## Record set

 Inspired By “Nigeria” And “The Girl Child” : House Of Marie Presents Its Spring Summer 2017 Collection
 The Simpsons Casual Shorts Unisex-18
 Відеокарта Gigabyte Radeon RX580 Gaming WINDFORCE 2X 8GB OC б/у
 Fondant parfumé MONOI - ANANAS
==
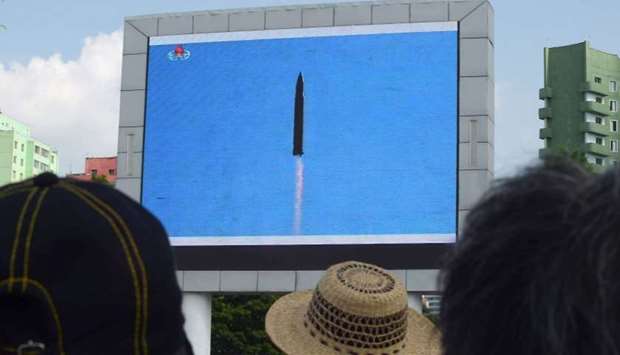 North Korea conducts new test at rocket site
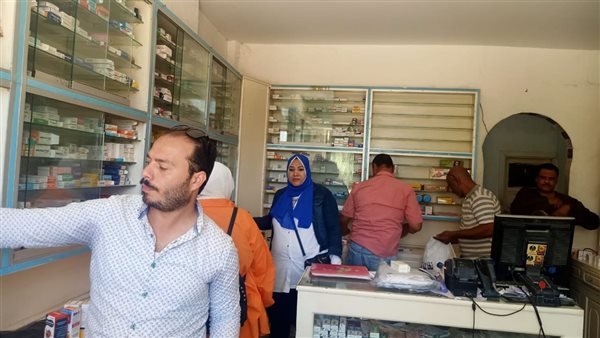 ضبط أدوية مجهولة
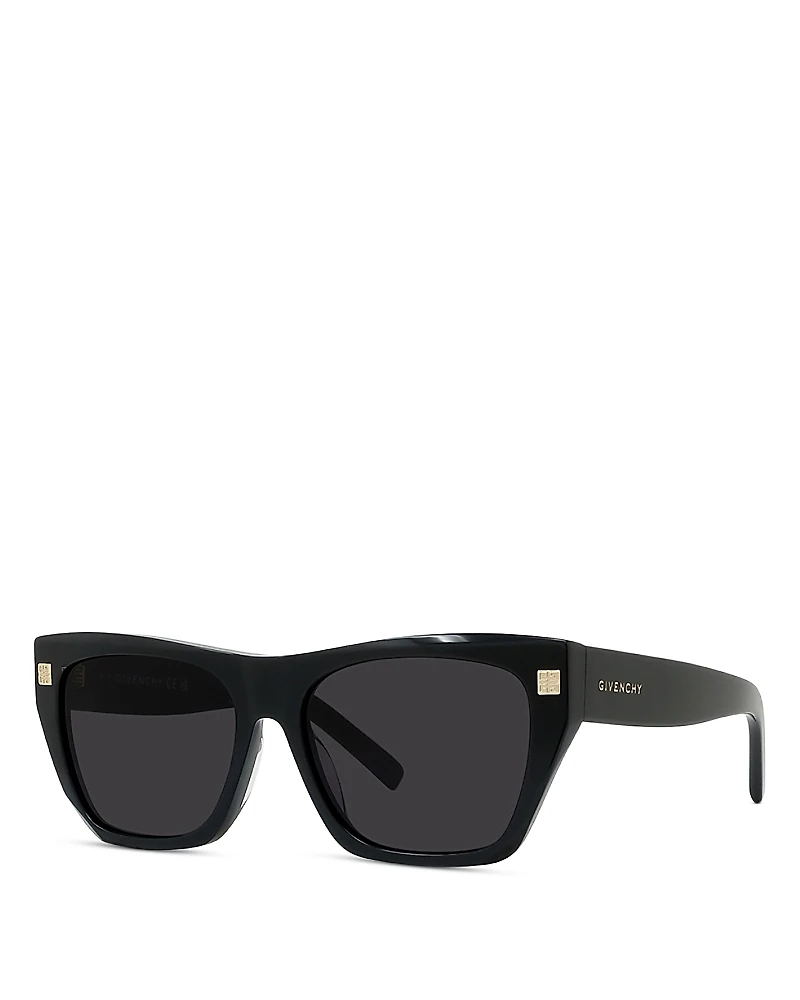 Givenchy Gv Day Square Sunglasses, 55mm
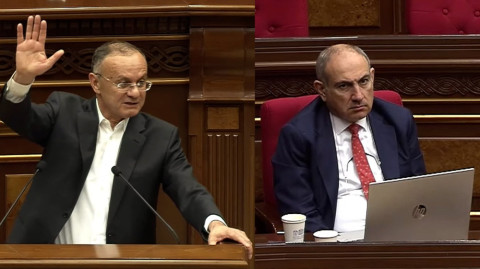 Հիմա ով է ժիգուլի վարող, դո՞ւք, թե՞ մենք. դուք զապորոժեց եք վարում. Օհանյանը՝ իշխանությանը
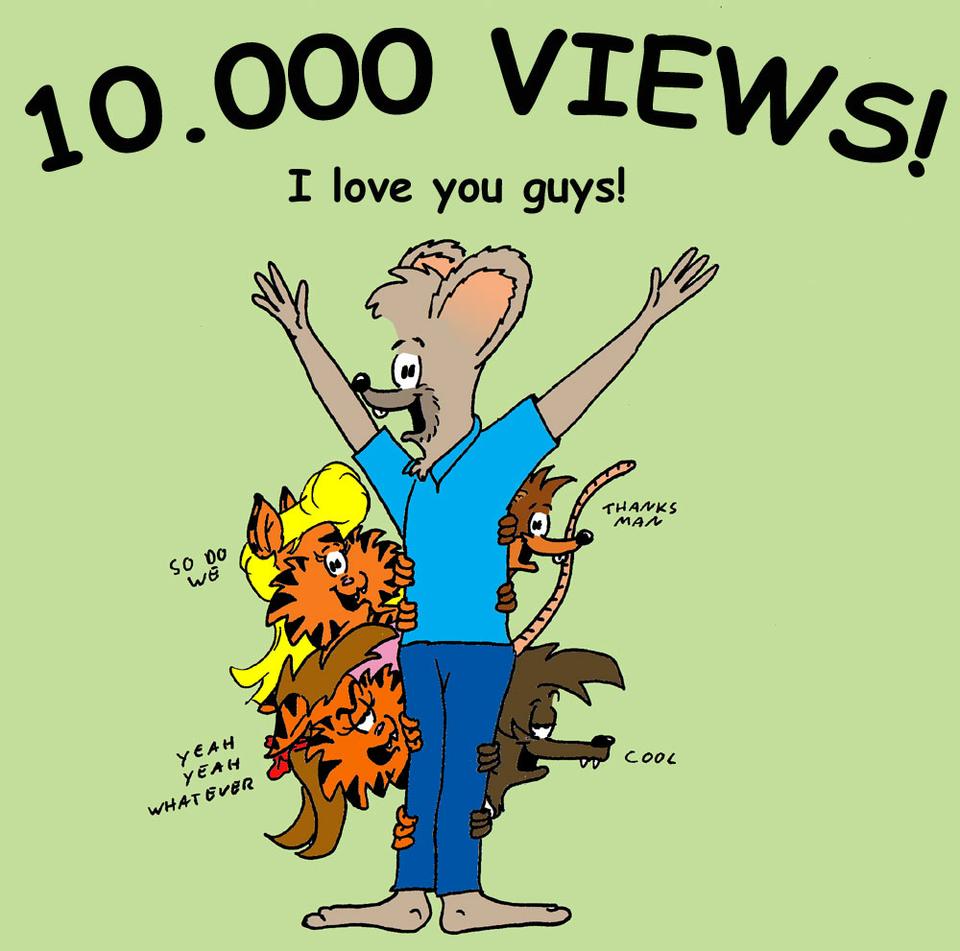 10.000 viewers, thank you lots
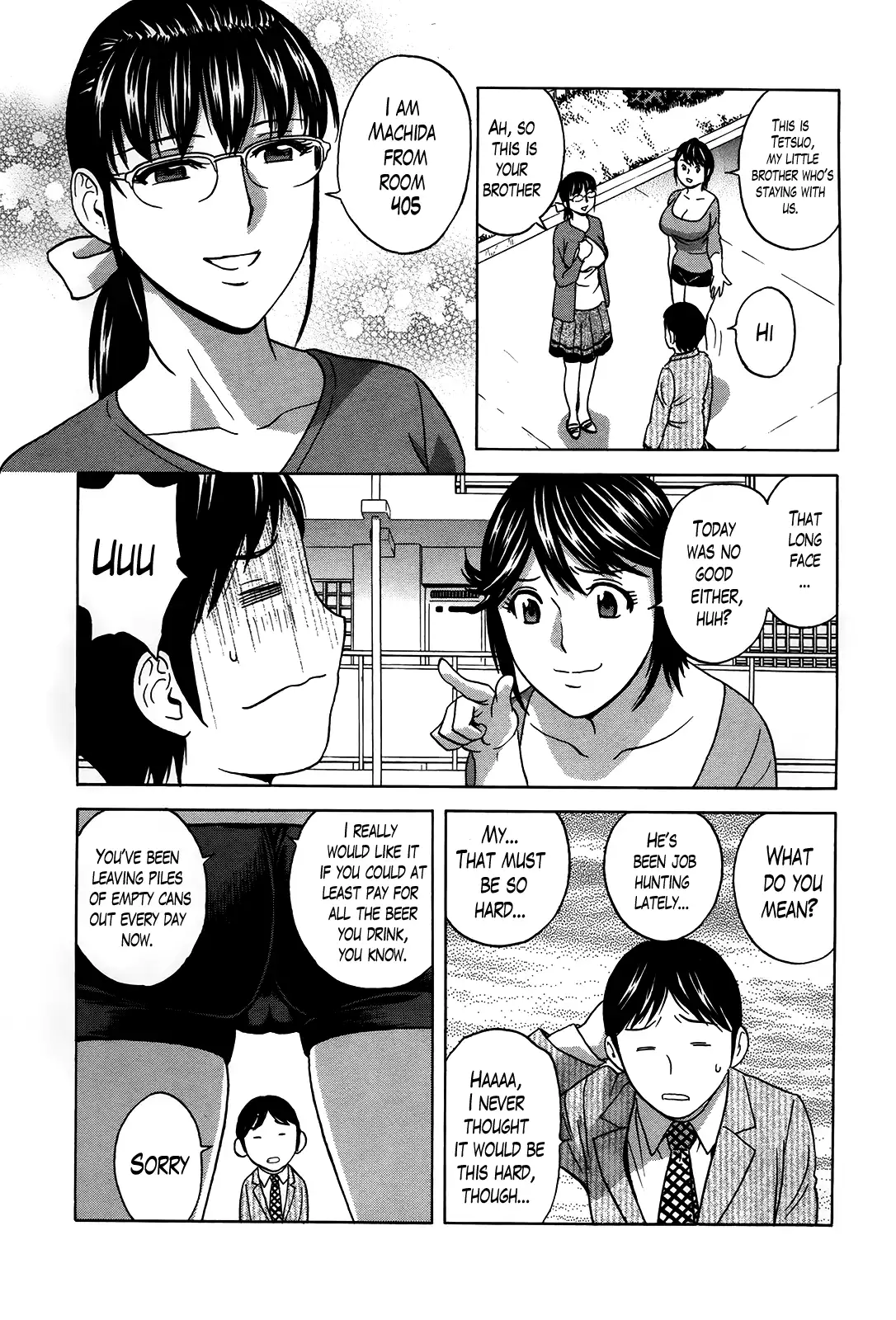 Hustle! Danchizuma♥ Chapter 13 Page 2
--
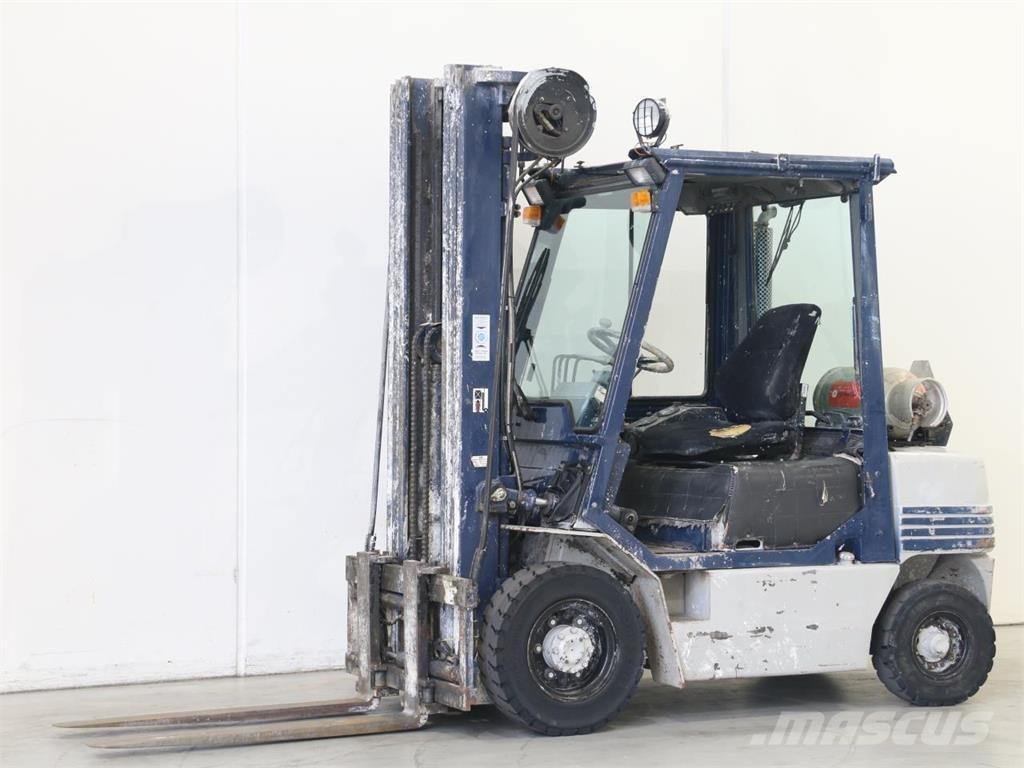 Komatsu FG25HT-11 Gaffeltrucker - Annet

## Task prompt
Write down exactly the span of lines above from the one containing "Summer 2017 Collection" to the one containing "Fondant parfumé MONOI - ANANAS", both ends included.

## Problem solution
 Inspired By “Nigeria” And “The Girl Child” : House Of Marie Presents Its Spring Summer 2017 Collection
 The Simpsons Casual Shorts Unisex-18
 Відеокарта Gigabyte Radeon RX580 Gaming WINDFORCE 2X 8GB OC б/у
 Fondant parfumé MONOI - ANANAS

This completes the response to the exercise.